**PROBLEM TO SOLVE**: Find the line below with "Эволюционное учение (Дарвинизм)" and the line with "GM-san no Hatsu Shigoto page 5 full". Output exactly those lines and everything between them, leaving out the pictures.

**MATERIAL SHOWN**:
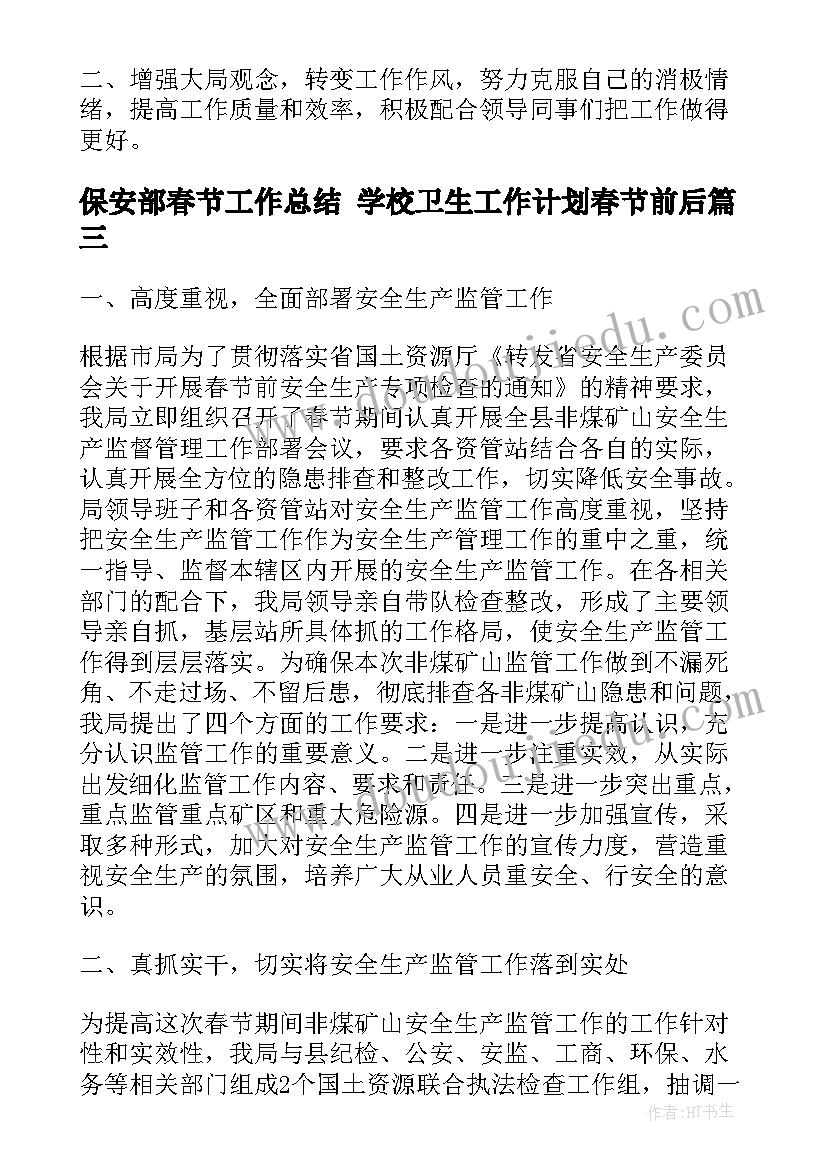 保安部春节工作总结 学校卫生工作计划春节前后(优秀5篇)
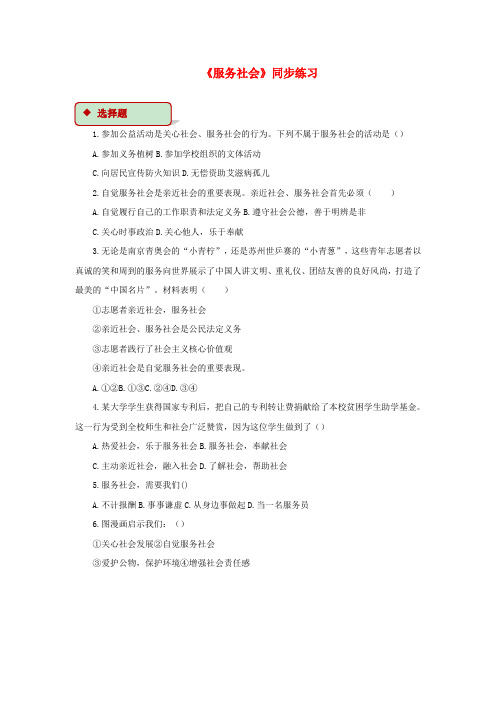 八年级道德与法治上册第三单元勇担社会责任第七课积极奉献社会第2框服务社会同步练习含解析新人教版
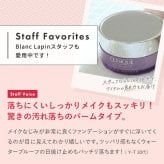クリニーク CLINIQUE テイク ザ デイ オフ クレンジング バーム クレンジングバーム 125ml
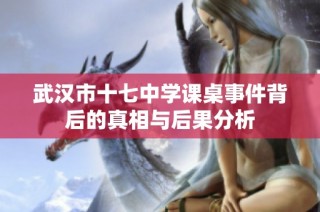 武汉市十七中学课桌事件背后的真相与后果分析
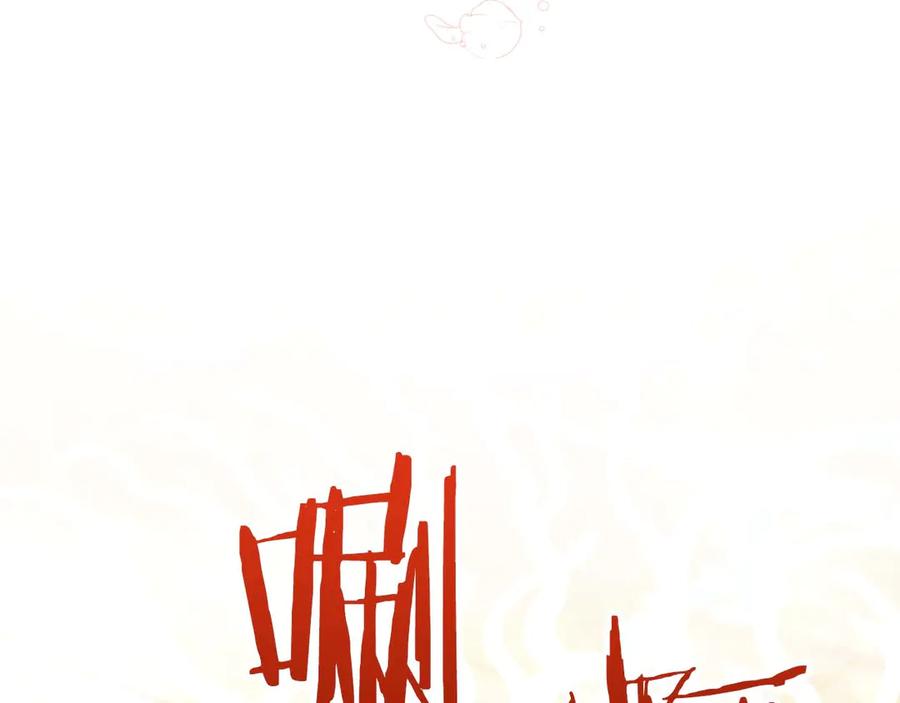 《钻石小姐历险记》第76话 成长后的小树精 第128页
---
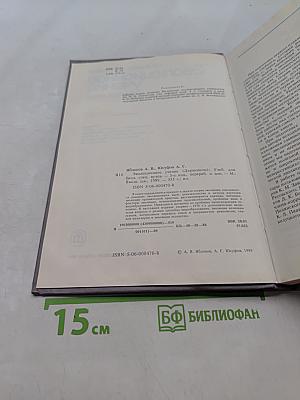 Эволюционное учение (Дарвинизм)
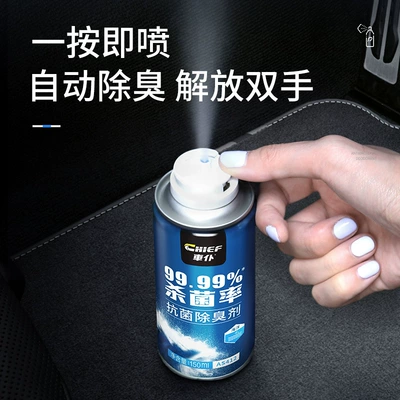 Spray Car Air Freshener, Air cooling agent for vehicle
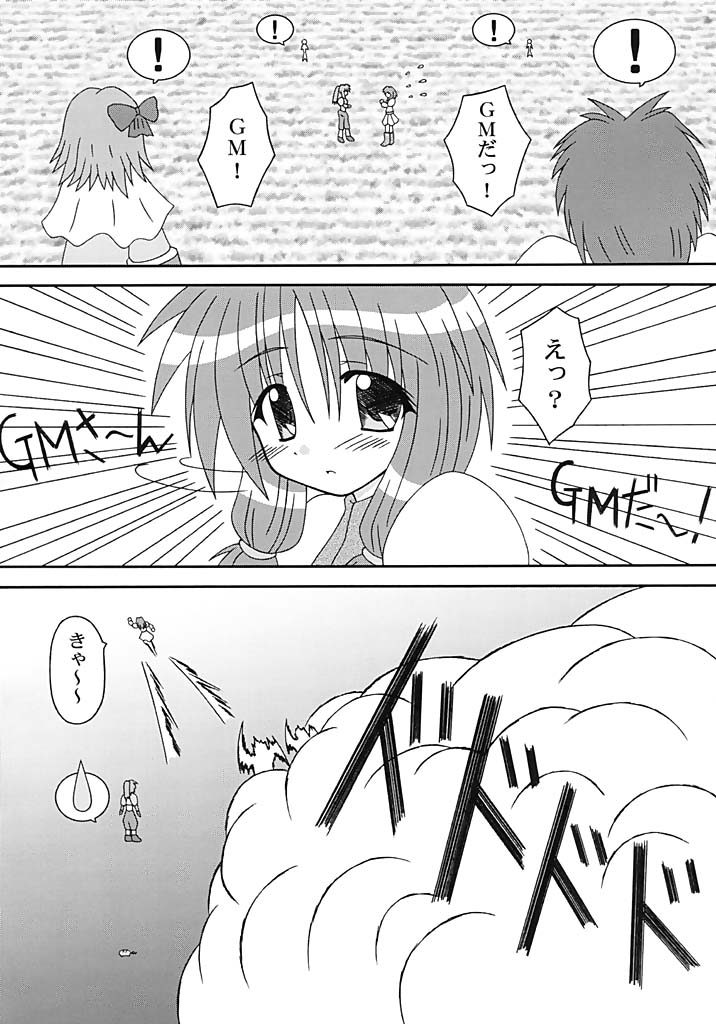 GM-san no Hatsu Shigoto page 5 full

**SOLUTION**:
 Эволюционное учение (Дарвинизм)
 Spray Car Air Freshener, Air cooling agent for vehicle
 GM-san no Hatsu Shigoto page 5 full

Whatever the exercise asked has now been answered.